### Data extract
Segment Open

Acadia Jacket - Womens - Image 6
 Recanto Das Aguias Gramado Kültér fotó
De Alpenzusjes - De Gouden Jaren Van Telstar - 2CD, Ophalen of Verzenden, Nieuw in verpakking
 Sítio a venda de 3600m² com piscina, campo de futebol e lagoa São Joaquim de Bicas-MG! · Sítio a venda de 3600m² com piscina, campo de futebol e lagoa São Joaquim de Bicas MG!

Segment Closed

### About this exercise
Quote the data above verbatim from its first line to the line that includes "De Alpenzusjes - De", with both boundary lines retained.

### Output for this task
Acadia Jacket - Womens - Image 6
 Recanto Das Aguias Gramado Kültér fotó
De Alpenzusjes - De Gouden Jaren Van Telstar - 2CD, Ophalen of Verzenden, Nieuw in verpakking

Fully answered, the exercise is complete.